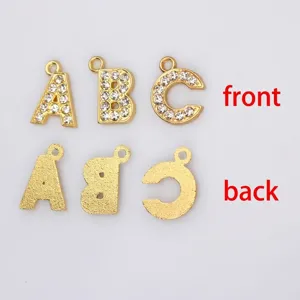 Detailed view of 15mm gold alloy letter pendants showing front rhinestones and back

...

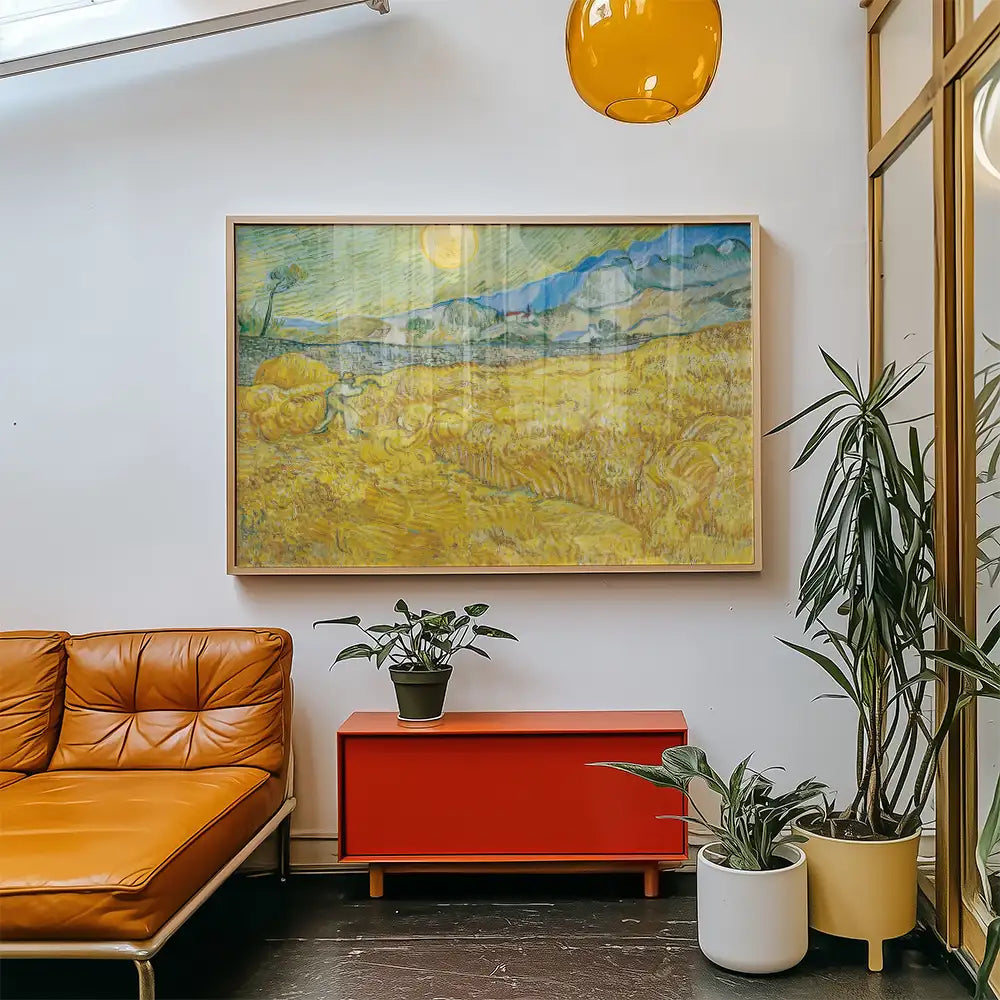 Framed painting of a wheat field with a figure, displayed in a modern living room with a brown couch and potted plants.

...

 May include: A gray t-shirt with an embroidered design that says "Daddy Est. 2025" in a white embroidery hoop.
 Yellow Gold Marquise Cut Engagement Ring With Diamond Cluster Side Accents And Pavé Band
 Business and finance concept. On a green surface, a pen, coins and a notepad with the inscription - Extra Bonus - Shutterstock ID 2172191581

Try it: Find the line with "May include: A" in the entries above. Retype it and each line after it, exactly, through the line with "Business and finance", and stop there.

Response area:
 May include: A gray t-shirt with an embroidered design that says "Daddy Est. 2025" in a white embroidery hoop.
 Yellow Gold Marquise Cut Engagement Ring With Diamond Cluster Side Accents And Pavé Band
 Business and finance concept. On a green surface, a pen, coins and a notepad with the inscription - Extra Bonus - Shutterstock ID 2172191581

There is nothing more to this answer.